The changes, while not as dramatic as they have been in other major metropolitan areas around the South, have been significant. In 1980, Jefferson, Shelby, and the three other counties that made up the Birmingham Standard Metropolitan Statistical Area had slightly more than 8,000 foreign-born residents. More than half of them were from Europe and Asia, while about 11 percent came from North and Central America. Listed among that group were 52 Mexicans.
Since then, Hispanics have figured prominently in the Birmingham area’s ethnic growth, but so have other groups. Recent census data shows Jefferson County with about 26,000 foreign-born residents and more than 25,000 Hispanic or Latino residents; the Asian population was more than 10,000. In Birmingham, the 2010 census showed more than 7,600 Hispanics, seven times the figure for 1990. Over the same 20-year period, the city’s Asian population has gone up more than 40 percent to more than 2,100.

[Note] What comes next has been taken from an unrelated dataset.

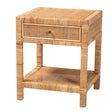 Rattan and Mahogany One Drawer Nightstand – OROA, view 2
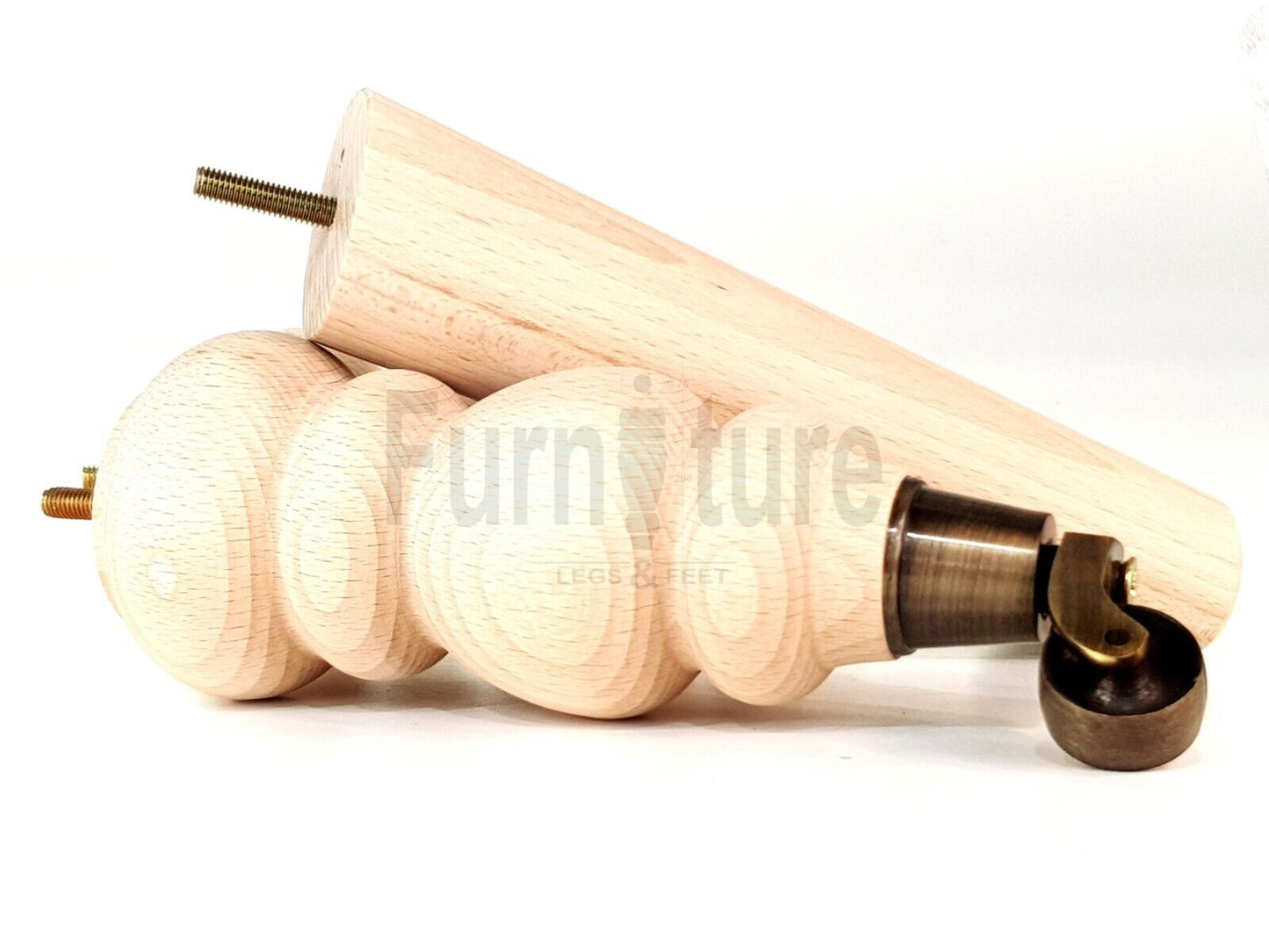 4x Turned Solid Wood Furniture Legs Replacement Feet 250mm High 8mm Thread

In 1982, a youngster named Randy Christian joined the Jefferson County Sheriff’s Department. Today, Christian is the department’s chief deputy and spokesman. He says the presence of Mexicans and other Hispanics is an ever-growing fact of life, and so are advocacy groups like the Hispanic Interest Coalition of Alabama. “Gosh, when I started we didn’t have near the language challenges…in our communities that we do now,” Christian said in an email. “In fact, I would say we didn’t have any I can recall—zilch, zero. We had some whose English could be a challenge to understand sometimes, but that was usually only alcohol-related. Now fast forward 30 plus years, and our country and community have changed dramatically and it has had to be addressed. Obviously, our Hispanic-speaking community has grown exponentially. We must be able to communicate with them, and they with us.” The sheriff’s department now has nine Spanish-speaking deputies, Christian says, and “they are stretched thin.”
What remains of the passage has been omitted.